My 8-year old is my role model: How parents can learn from their children

Article also published on elephant journal. Click here to read. http://www.elephantjournal.com/2016/03/my-8-year-old-is-my-role-model-how-parents-can-learn-from-their-children/

IMG-20151103-WA0005Children are really our role models and not the other way around!

I think I have waited to be a parent my whole life and have often found myself, quite unconsciously, over-prepared to be one.

I’ve had many big and small ideas about what kind of mother I want to be, and triple that number for what kind of mother I don’t want to be too.

So, all in all, I have taken the responsibility of motherhood fairly seriously in the hope of inspiring my children in their early and formative years and leading a good example for them to follow.

And yet, through the last decade, the older my children got, the more I realised how ambitious I had been in this regard; and how misguided I was to even think that I can come close to being as good a role-model to my kids as they have been to me!

This thought was running through my head, all muddled up, until one day, my 8-year-old daughter came home from school to tell me that in her 3rd Grade classroom, they were starting with a unit of enquiry on role models! They were inviting guest speakers to their class and she wanted me to come and speak.

This was the perfect moment to voice my suspicion about the idea that we adults are not really their role models. Rather, children themselves make excellent role models for their parents!

I wondered how they would take it.

At first they were a bit taken aback by this role reversal and the hidden praise that it came with, but as we went through each of the below points to support my argument and their nods of agreement had a pleased understanding about them, it dawned on me with even greater clarity about how right this train of thought felt.

Let me highlight the main areas that support my viewpoint:

Physical capabilities : We often and invariably teach them to be lazy with our bodies and to take them for granted whereas children, actually, have an enviable physicality. They pick up skills and talents with such grace at amazing speeds. Watch the effortless cartwheel of a young ballerina or the passionate dedication of a young footballer trying to master Messi’s latest move! When a child has been raised in a healthy, active environment, it is truly a delight to see their bodies grow with athletic ability.

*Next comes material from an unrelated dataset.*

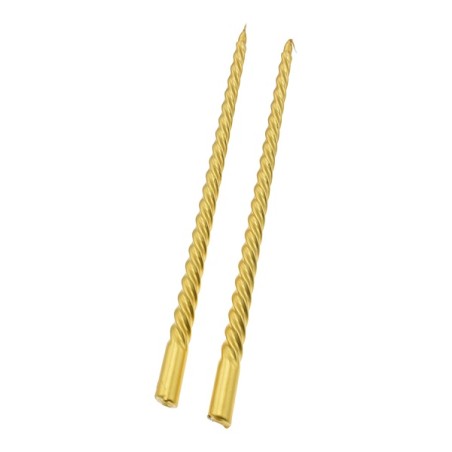 SET 2 CANDELE TORCIGLIONE 25CM ORO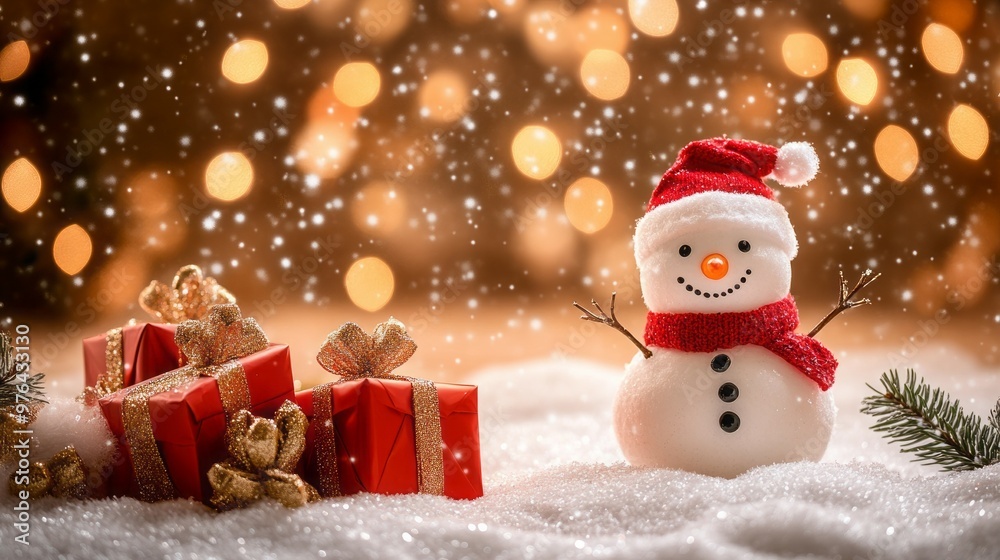 A snowman smiles with presents under a snowy sky. A snowman smiles with presents under a snowy sky.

Ideas – We use the phrase ‘I don’t have a choice’ in many negotiations with people as valid justifications; thereby limiting our own ‘ideas potential’. Children, more often than not, think outside the box. They always think creatively and have simple solutions to big problems. Have you ever tried discussing an issue at work, or a relationship problem with your child? Just notice the simple and workable solutions they come up with!

Energy – We dissapoint them time and again with our poor energy levels. Their energy is bountiful – with their smiles and enthusiasm, they add colour to our world. They treat every moment as precious and don’t contemplate on the gravity of each moment as it passes them by because they are just so busy living it!

Attitudes– We bicker and complain about others – friends, colleagues and family members before them, letting them see our prejudices. They, on the other hand, settle differences easily, let bygones by bygones and know how to let go and have fun. They know how to fight and make up, how to forgive and forget and most importantly, how to believe in others.

Love for animals – We keep them ‘safe’ from animals. We raise them in urban, sanitised, concrete buildings and entertain them in shopping malls. However, if shown a little bit of encouragement, their compassion and care for animals is genuine and they are carefree about showing it. They hold nothing back and accept animals into their natural surroundings with love and comaraderie.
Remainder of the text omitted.